IMO 1998 SL 25

Origin: NZL

Problem

Let U = {1, 2, . . ., n}, where n \geq3. A subset S of U is said to be split by an arrangement of the elements of U if an element not in S occurs in the arrangement somewhere between two elements of S. For example, 13542 splits {1, 2, 3} but not {3, 4, 5}. Prove that for any n −2 subsets of U, each containing at least 2 and at most n −1 elements, there is an arrangement of the elements of U that splits all of them.

Solution

We use induction on n. For n = 3, we have a single two-element subset {i, j} that is split by (i, k, j) (where k is the third element of U).
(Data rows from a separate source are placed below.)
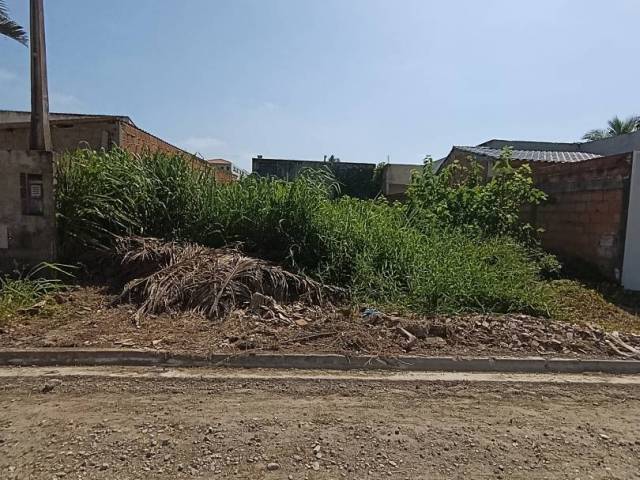 #479 - Área para Venda em Ilha Comprida - SP - 3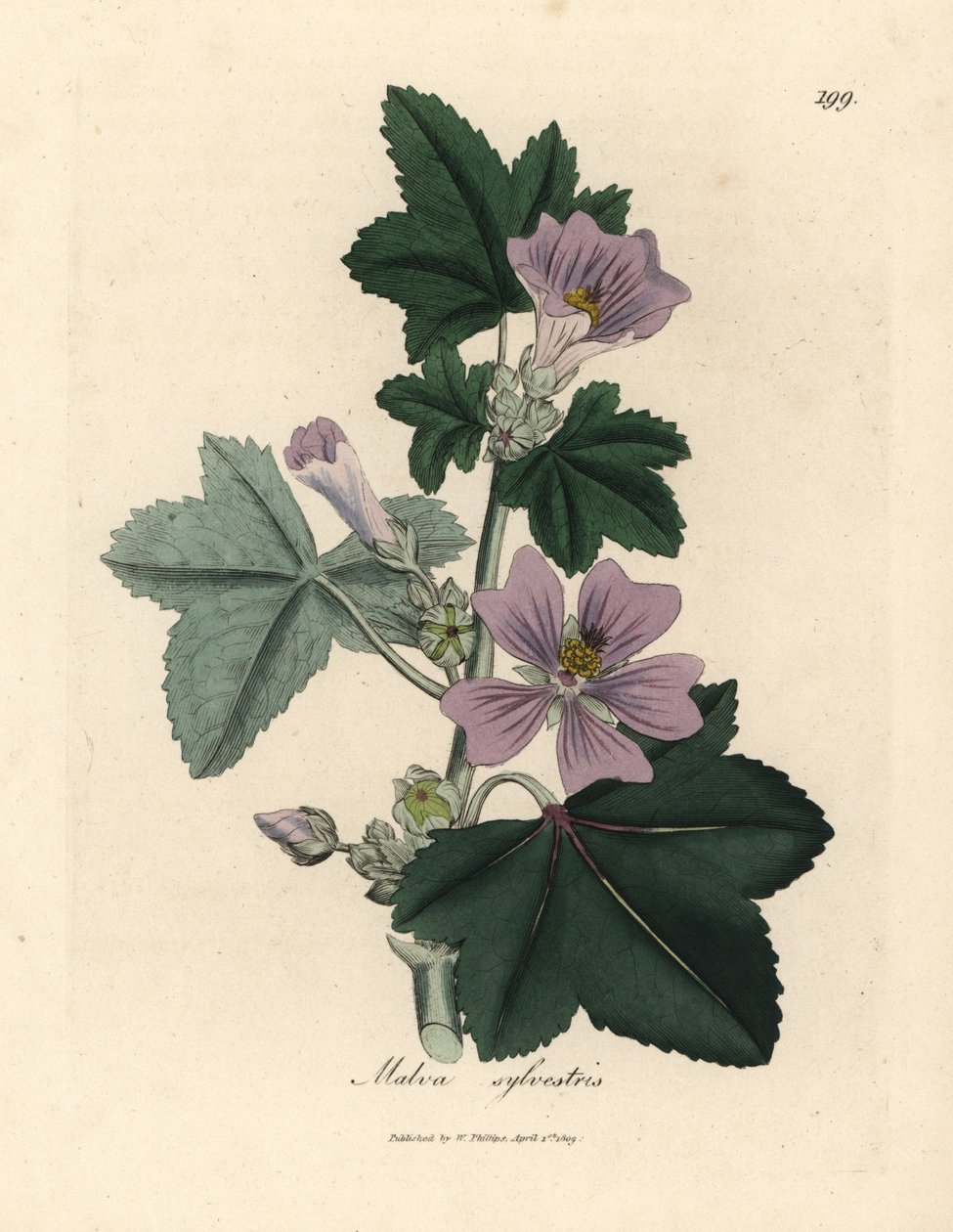 الملوخية الأرجواني المزهرة ، Malva sylvestris بواسطة جيمس سويربي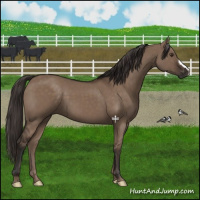 Horse Color:Liver Red Dun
Assume that the result holds for some n \geq3, and consider a family F of n −1 proper subsets of U = {1, 2, . . ., n + 1}, each with at least 2 elements. To continue the induction, we need an element a \inU that is contained in all n-element subsets of F, but in at most one of the two-element subsets. We claim that such an a exists. Let F contain k n-element subsets and m 2-element subsets (k + m \leqn −1). The intersection of the n-element subsets contains exactly n + 1 −k \geqm + 2 elements. On the other hand, at most m elements belong to more than one 2-element subset, which justifies our claim.

Now let A be the 2-element subset that contains a, if it exists; otherwise, let A be any subset from F containing a. Excluding a from all the subsets from F \ {A}, we get at most n −2 subsets of U \ {a} with at least 2 and at most n −1 elements. By the inductive hypothesis, we can arrange U \ {a} so that we split all the subsets of F except A. It remains to place a, and we shall make a desired arrangement if we put it anywhere away from A.